A couple of weeks ago I came across this news story on NME’s website. Not a huge connoisseur of Arcade Fire myself, for I only know a couple of songs pretty good, although I may’ve bought an album somewhen, but nonetheless I really had to read the whole article. In fact, my interest was already captured by the unusual headline used: “Arcade Fire’s Will Butler to write songs based on Guardian news stories”. The article is basically about this new thing the singer-songwriter Will Butler had agreed to do in collaboration with The Guardian from 23rd to 27th February where he’d write and release a song a day based on news stories produced by the liberal UK newspaper.

Well, I think this operation is at the same time very cool and really worrying. I’ve been interested in journalism and all its various forms and developments for a long time and, above all, I do consider it being a fundamental pillar of modern progressive societies, if functioning properly with discrete transparency and accountability. In addition to that, I’m at the moment interning at a journalism and society’s think tank called Polis based at my university (to be specific, I’m taking care of their Twitter profile), so I do feel a bit of a personal duty catalysing me to comment on this featuring.

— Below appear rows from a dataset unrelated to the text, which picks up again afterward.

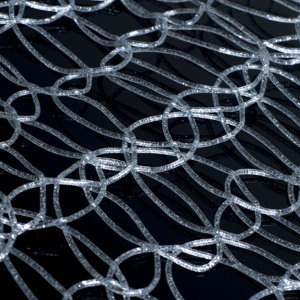 Malla de PVC EVERMORE para Decoración Navideña, Malla de PVC para Exteriores, Luces de Red, Malla de PVC Hecha a Mano Súper Brillante para Exteriores - Product Image 6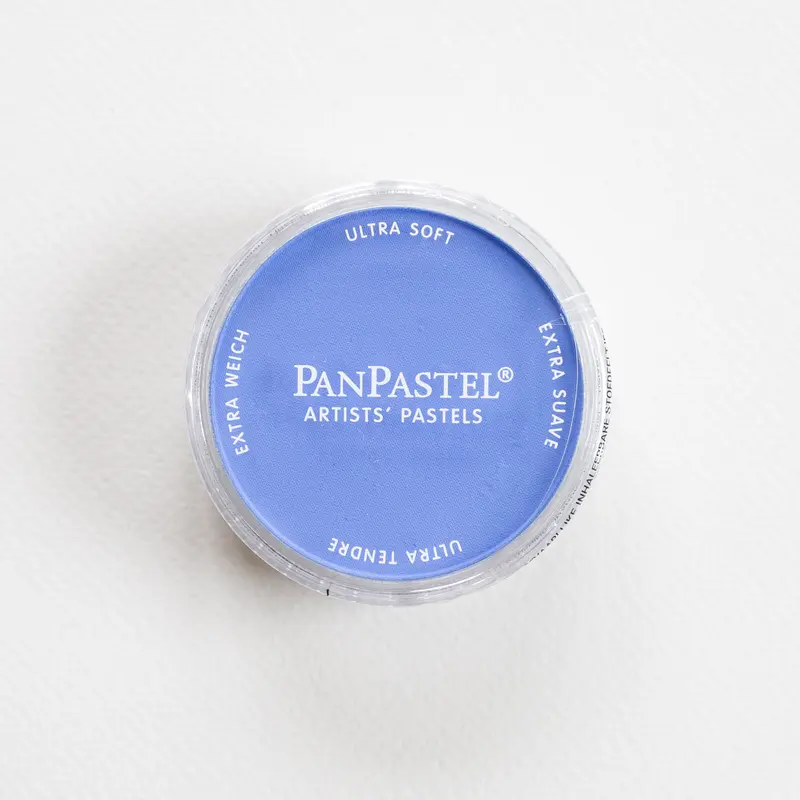 PanPastel 520.6 Ultramarine Blue Medium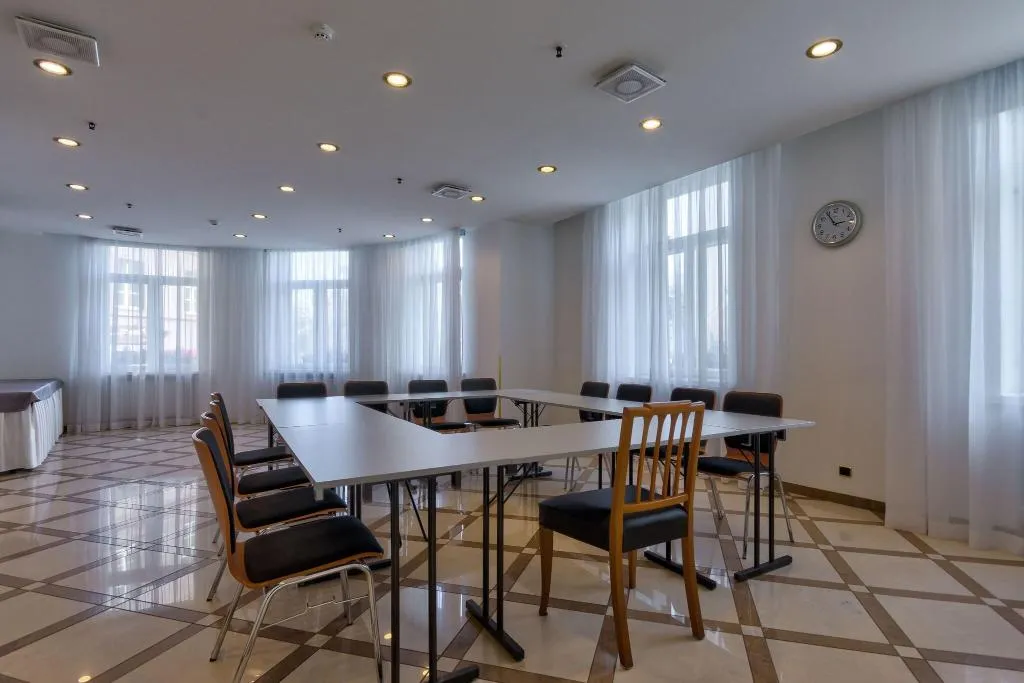 Conferences, My City Hotel, Tallinn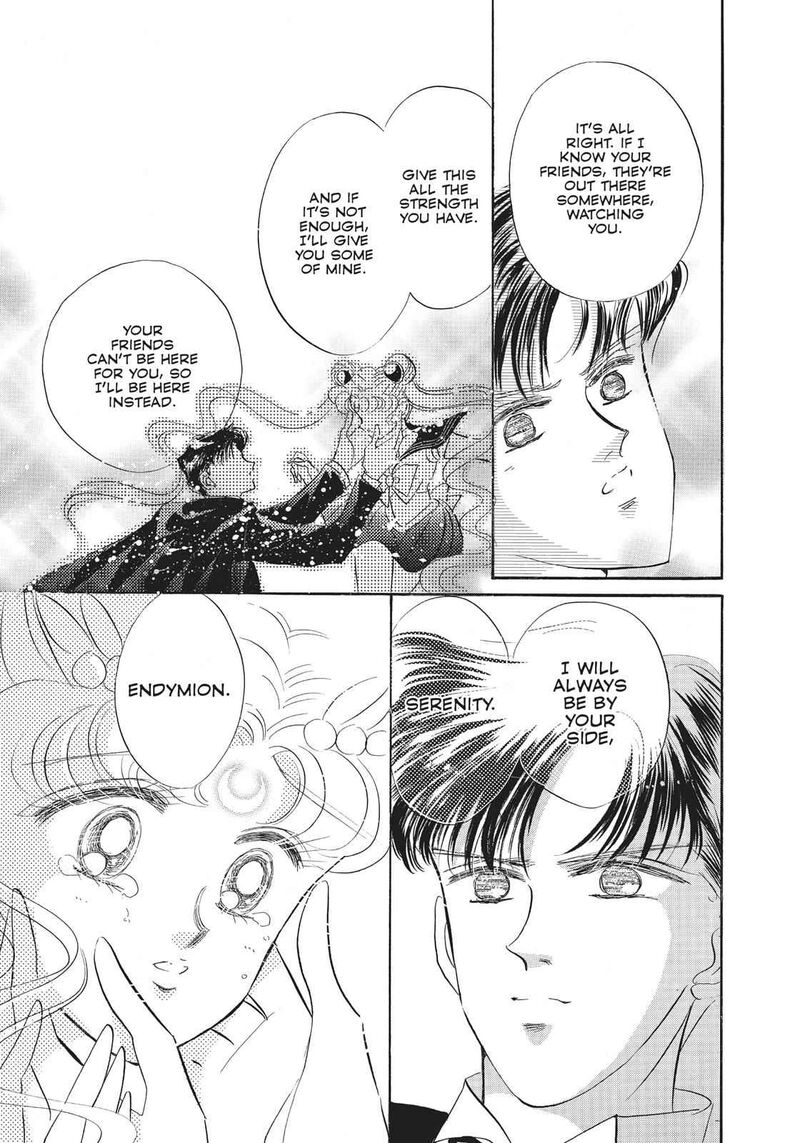 Bishoujo Senshi Sailor Moon Chapter 13 Page 43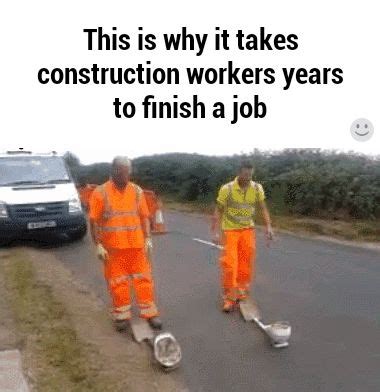 37 Road Construction ideas | road construction, bones funny, funny pictures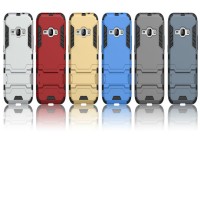SAMSUNG J1J5J7 2016 TRANSFORMER ARMOR BACK COVER W BORONG! | Gro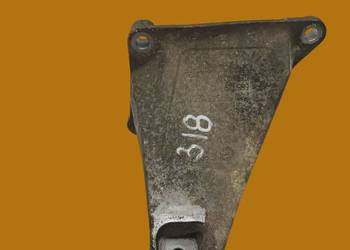 ŁAPA WSPORNIK 67546160 3.6 V8 N62 Bmw Seria 7 IV (2001-2008) E65/66/67/68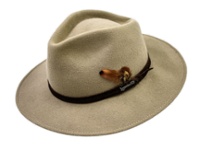 Sombrero LAGOMARSINO Australiano Flexil pelo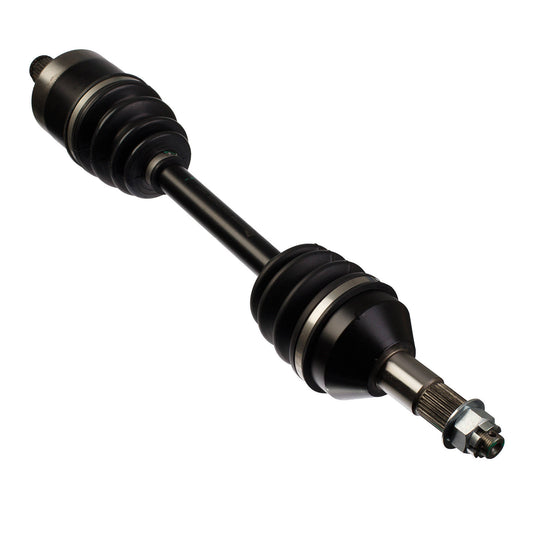 WHITES CV AXLE SHAFT CAN AM Rr LH #WPAXCA402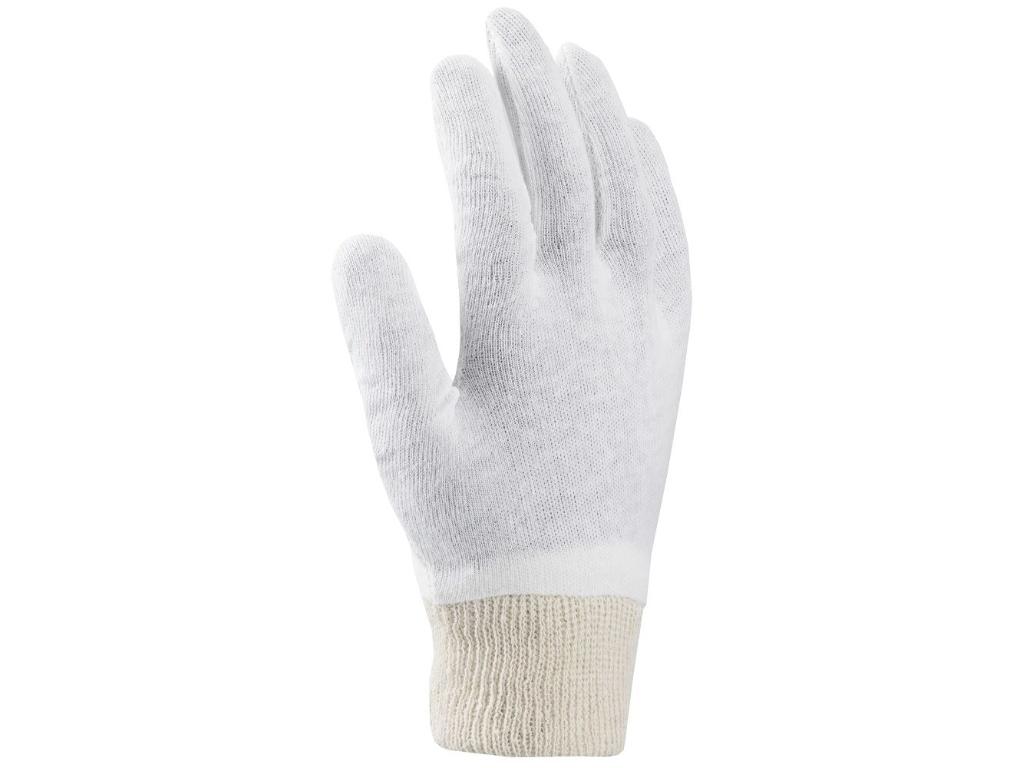 Cérna kesztyű Ardon Corey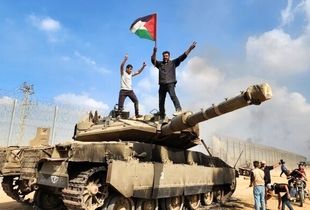 ۷ اکتبر تصمیم درستی بود؟ فلسطینی‌ها پاسخ می‌دهند!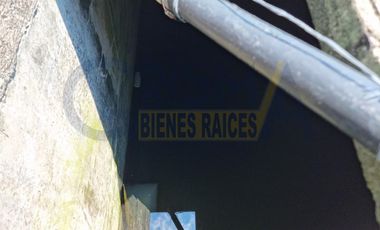 RANCHO CON TODAS LAS INSTALACIONES DE UNA  EMPACADORA DE LIMÓN.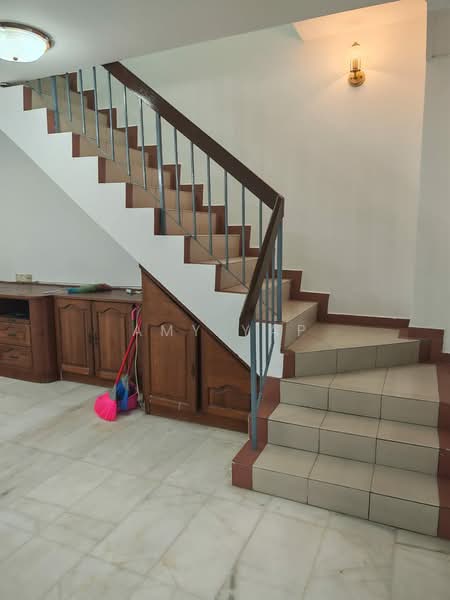 Rumah Teres 2-Tingkat untuk Disewa di Kampung Gombak Indah (Batu Caves) - Amy Yap - Interior - PropertyGuru.com.my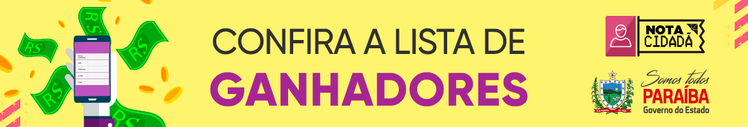 Lista de ganhadores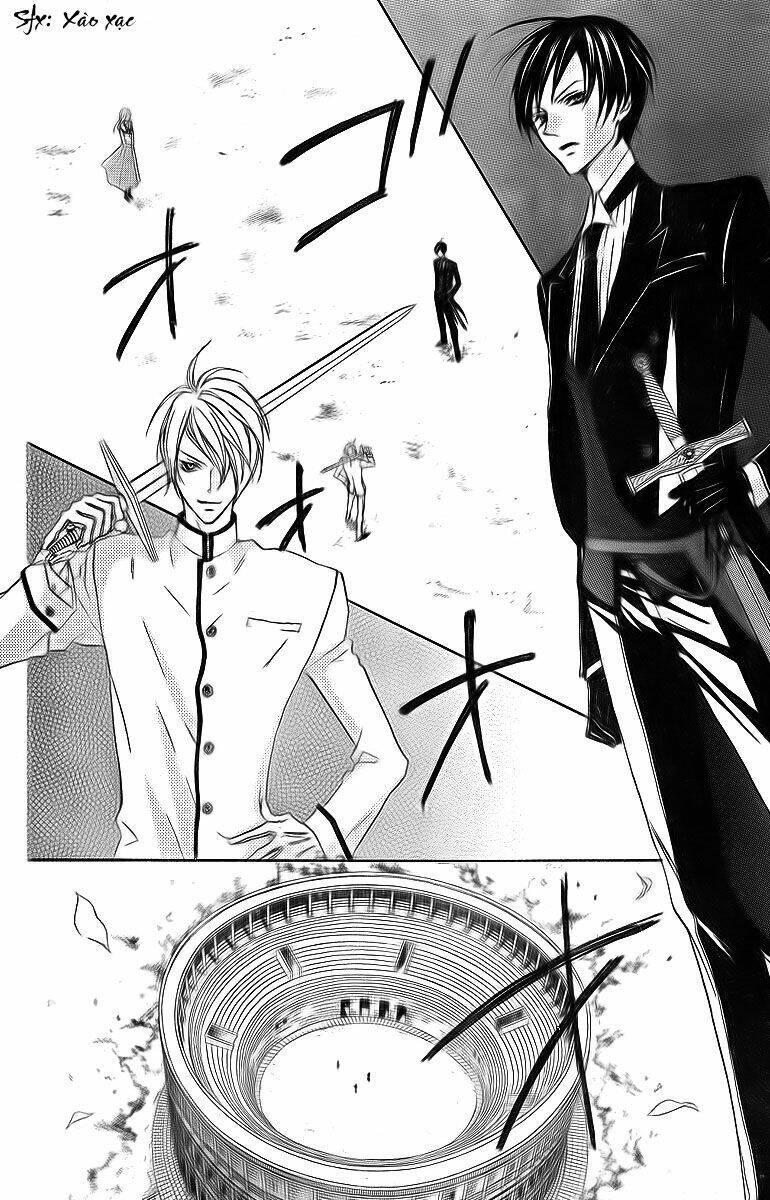 hana no kishi chapter 1 45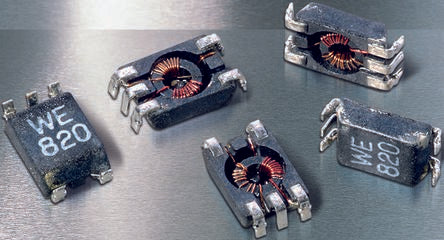 Wurth Elektronik 744212221 5003183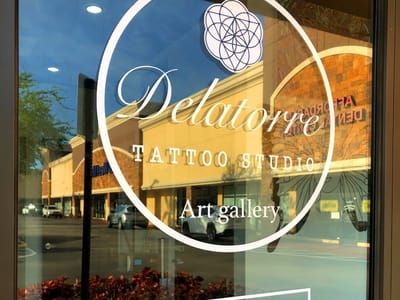 Delatorre Tattoo Studio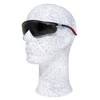 Oregon Q525251 Safety Glasses with Protection Against Impact (EN166), UV
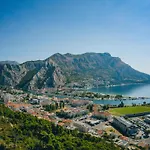Apartman Ruzica By Interhome Marusici (Split-Dalmatia)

On the one hand, I honestly see the collaboration as something useful to try out new forms of songwriting and inspiration generation in realms never really tried out before, particularly in an established way. As Butler himself – whose by the way solo debut album “Policy” is due to be released on 16th March via Merge Records – declared in an associated interview: “It’s a cruel thing, but sometimes you read something and think, ‘Uh oh. I could make something really meaty out of that'”. Thus, if he’s admitting to feel inspired by real-world phenomena and issues, who are we to stop him from doing that? After all, it was even the folk-Lord Bob Dylan himself who involuntarily kicked off his tradition, as he once declared that certain of his songs were actually based on news headlines. Yet, on the other hand, I’d have to ask myself: are songs and especially lyrics not always somehow triggered by what specific artists come across in their everyday life experience, whether consciously or unconsciously? I feel there is no real need to officially frame this process directly by setting up such kinds of collaboration. If one gets inspired by a newspaper’s story, then he/she should just go on and write the piece without feeling obliged to give back something in return or to somehow acknowledge the source of creativity. What is really missing here, for me, is the true point of the overall operation.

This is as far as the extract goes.